Seit rund einem Jahr ist Western Union Business Solutions in Deutschland am Markt. Für das Unternehmen ist der Geschäftsbereich aber nicht ganz neu ...

Das ist richtig. Western Union Business Solutions setzt sich zusammen aus verschiedenen Unternehmen, die in den letzten Jahren akquiriert wurden: Custom House und Ruesch International. Das Geschäft als solches existiert somit bereits seit über 30 Jahren, und gerade in den angelsächsischen Märkten gibt es Kunden, die schon lange Partner sind. "Western Union Business Solutions" existiert in dieser Form seit 2011, aktuell sind wir in 32 Ländern vertreten. In Deutschland sind wir seit Ende 2012 aktiv.

Auf welches Segment konzentrieren Sie sich hier?

Im klassischen Sinn ist Western Union ein Dienstleister für Privatkunden. Hier ist das Unternehmen seit mehr als 100 Jahren tätig. Erst in den letzten Jahren gab es durch die Akquise von Ruesch International und Custom House die Erkenntnis, dass es auch im Bereich der Geschäftskunden einen großen Bedarf gibt, mit dem sich das Angebot komplettieren lässt. Das liegt daran, dass Banken gerade seit der Finanzkrise den Bereich der kleinen und mittleren Unternehmen im Bereich des Zahlungsverkehrs etwas vernachlässigt haben.
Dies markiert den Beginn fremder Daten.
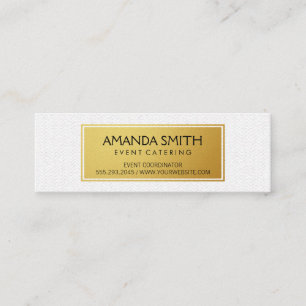 Cartão De Visita Mini Na moda Metálico Dourado com padrão de onda suti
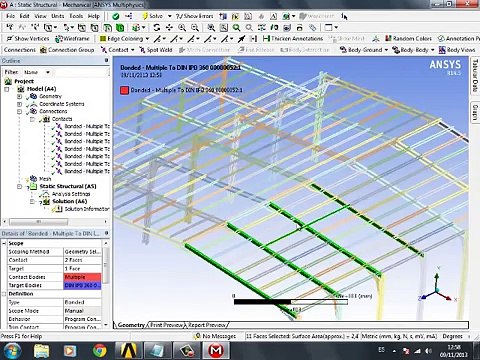Análisis con Ansys de estructura de nave industrial Ansys analysis of structure of warehouse.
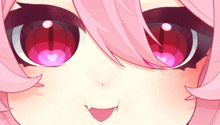 a close up of a person 's face with pink hair and red eyes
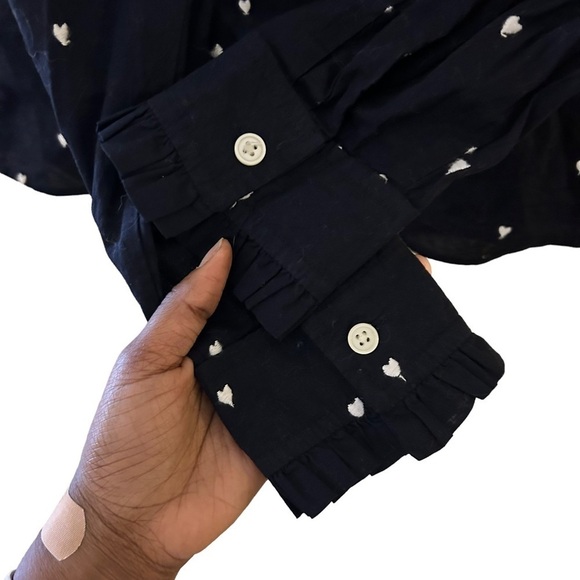 LOFT Shirt Womens Small Heart Embroidered Ruffle Trim Button Down Preppy NEW - Picture 4 of 7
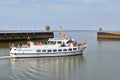 Excursion ship Adler II of the shipping company Adler-Schiffe leaves the lock in the direction of the Wadden Sea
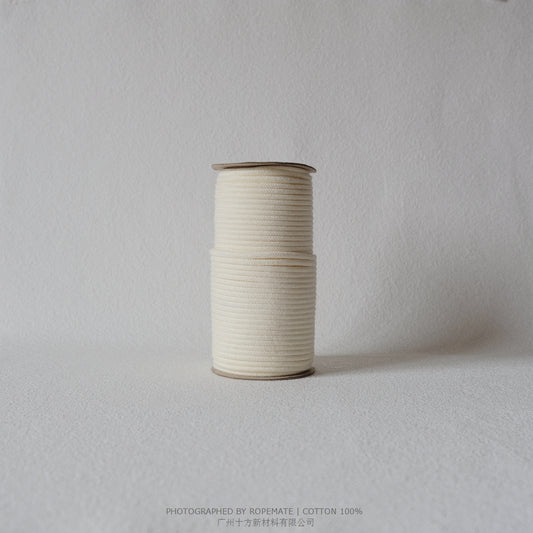 4MM MACRAME BRAIDED - CORED - CREAM WHITE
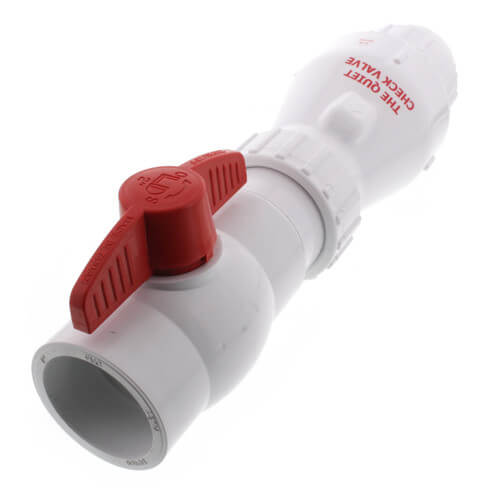 2" PVC "Quiet Check" Solvent Weld w/ Quarter Turn Ball Valve (White Valve Body)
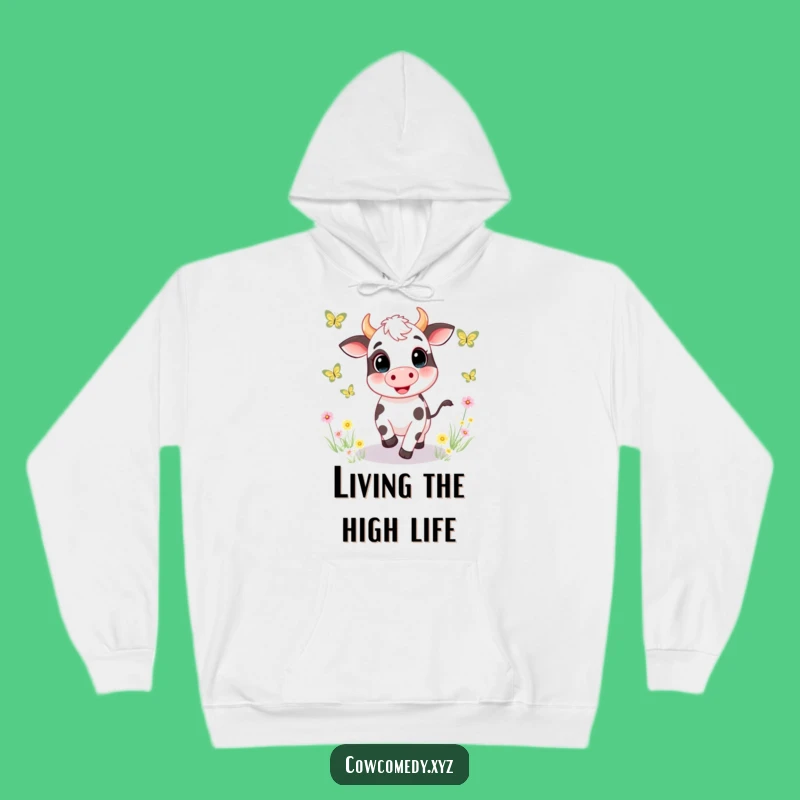 Funny Cow Chasing Butterflies Hoodie. Cozy Meadow Vibes. Ideal Warm Funny Gift!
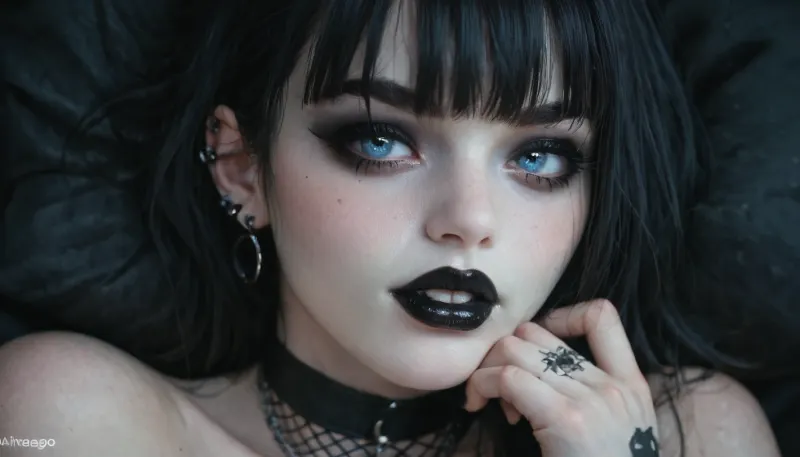 A gothic night's passion: the intense desire of a pantiless, topless slut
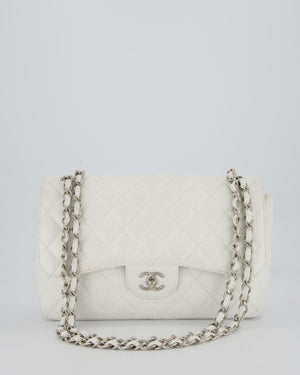 Chanel Jumbo Classic Double Flap Bag in White Caviar Leather with Silver Hardware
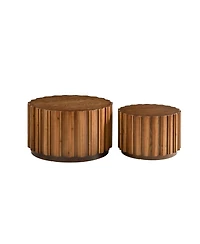 Streamdale Furniture Round Nesting Coffee Table Set, Wood with Slatted Body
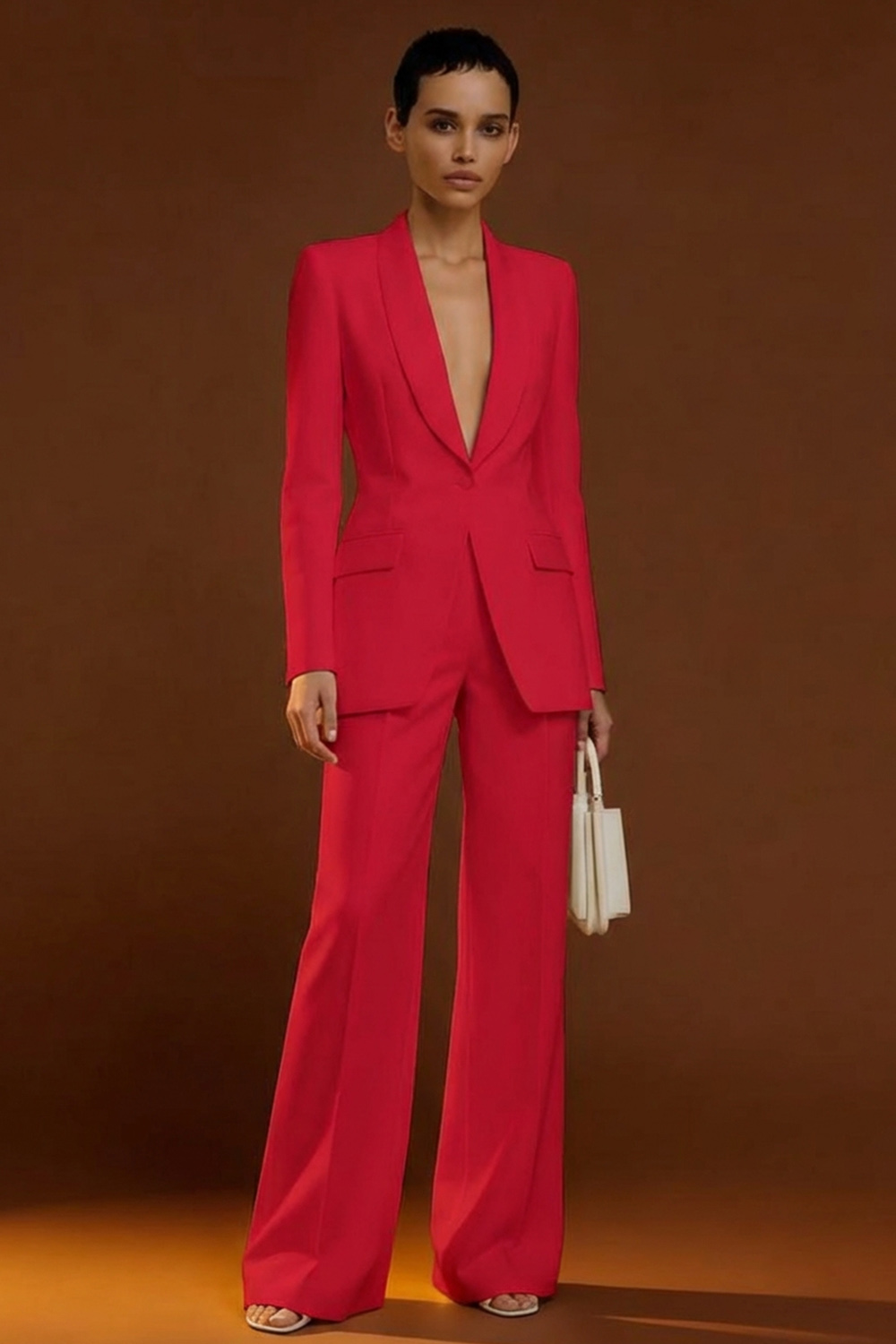 Ivory 2 Piece Shawl Lapel Single Breasted Business Suits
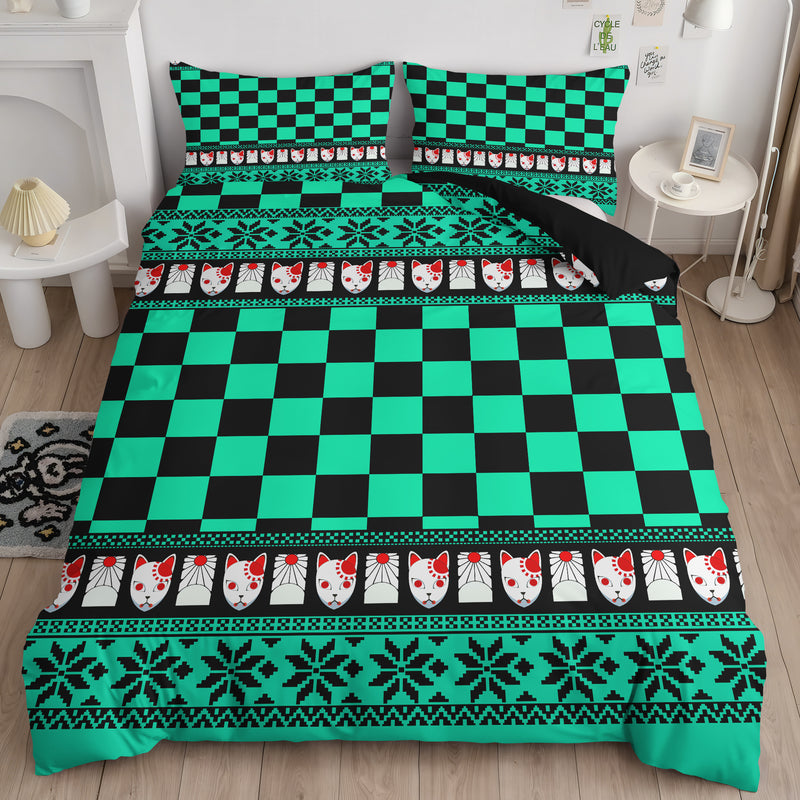 Demon Slayer Tanjro Christmas Pattern Bedding Set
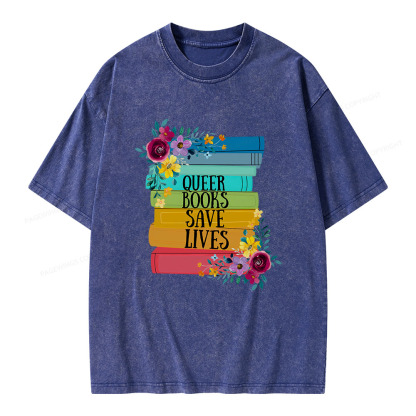 Pagewings Queer Books Save Lives Unisex Washed T-shirt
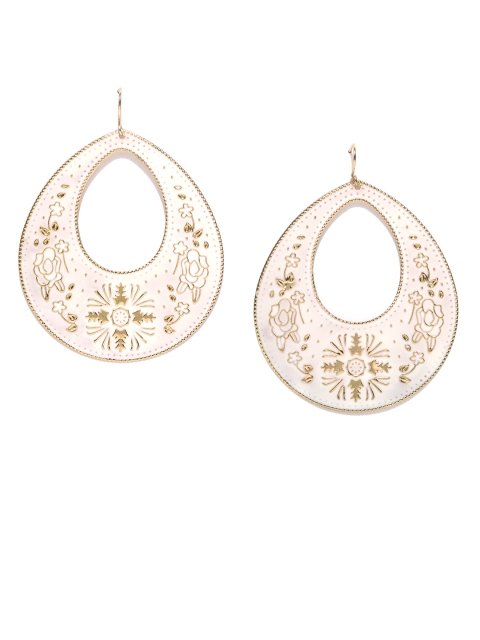 

DressBerry Off-White & Gold-Toned Enamelled Teardrop Shaped Drop Earrings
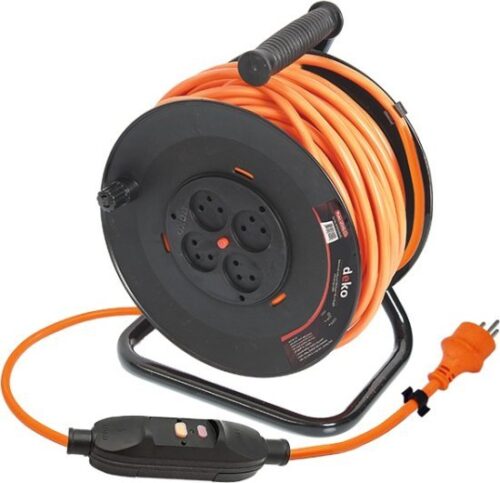 414438_b_1.jpg תוף מאריך נייד עם פחת על כבל 3X1.5 מ''מ ותקע ישראלי 25 מטר 4 שקעים ישראליים Deko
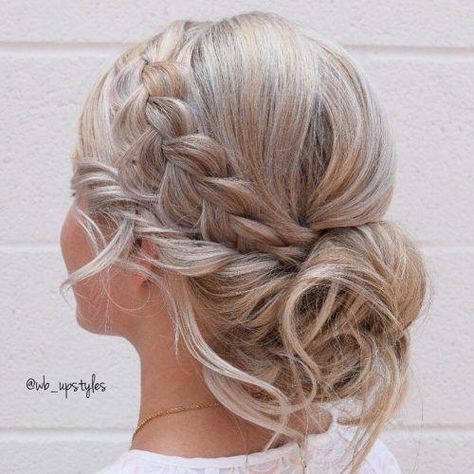 Dutch Braid #ombrehairupdos Dutch Braid Prom Hairstyles, Banquette Hairstyles, Prom Hairstyles For Short Hair Updo, Prom Hairstyles With Bangs, Best Ombre Hair, Curly Prom Hair, Cute Prom Hairstyles, Hiking Style, Formal Hair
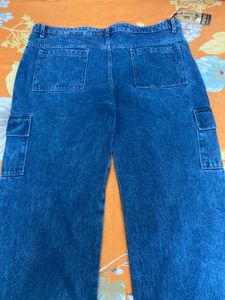 Vintage Blue Denim Cargo Pants
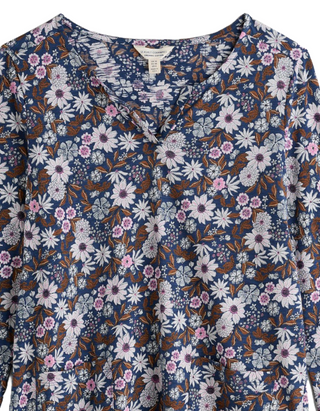 Women's Long Sleeved Top in Navy Pattern Flower Night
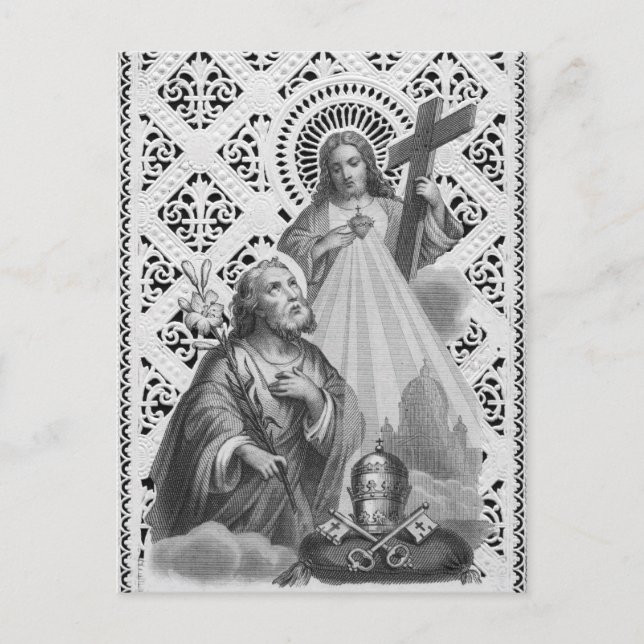 St. Joseph, Papalsymbole und SHJ (Detail; LT 02) Postkarte (Vorderseite)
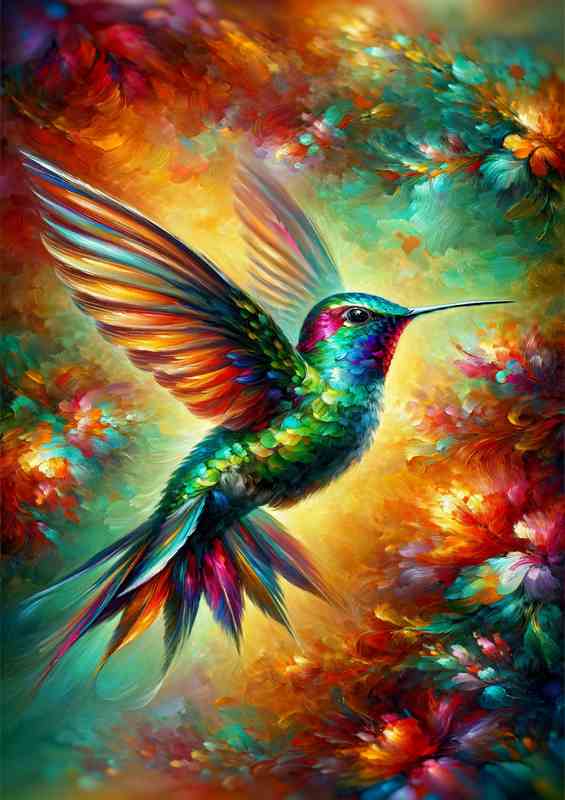 Hummingbird Magic in a Oil painted look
Hier gibt es eine gewisse - zumindest gefühlte - Beschränkung, was die Dienstleistungen betrifft. Diese Lücke hat Western Union erkannt und die Chance ergriffen, hier tätig zu werden. Mittlerweile haben wir weltweit im Bereich der Zahlungen von kleinen und mittelständischen Unternehmen einen Marktanteil von zwei Prozent.

Wie definieren Sie Mittelstand?

Wir verstehen unter einem Mittelständler alle Unternehmen mit einem Jahresumsatz bis 100 Millionen Euro. Unser Kundensegment ist zwischen einem Euro-Fremdwährungsgegenwert zwischen etwa 100 000 bis 20 oder 30 Millionen Euro angesiedelt. In diesem Bereich finden wir unsere Nische. Bei größeren Volumina wird das Geschäft für Banken wieder attraktiver.

Welche Dienstleistungen genau fehlen den Unternehmen in der Angebotspalette der Kreditinstitute?

Das beginnt mit der Frage, welche Währung man wohin schicken kann. Beispiel China. Viele Unternehmen schicken nach wie vor Euro nach China. Hier haben insbesondere Mittelständler eine viel größere Verhandlungsgrundlage, wenn sie Zahlungen direkt in chinesischen Renminbi leisten können. Gerade Zahlungen in Chinas Landeswährung sind ein ganz stark wachsender Bereich. In den USA etwa werden bereits zwölf Prozent aller Transaktionen in Renminbi getätigt, 2012 waren es noch 8,5 Prozent.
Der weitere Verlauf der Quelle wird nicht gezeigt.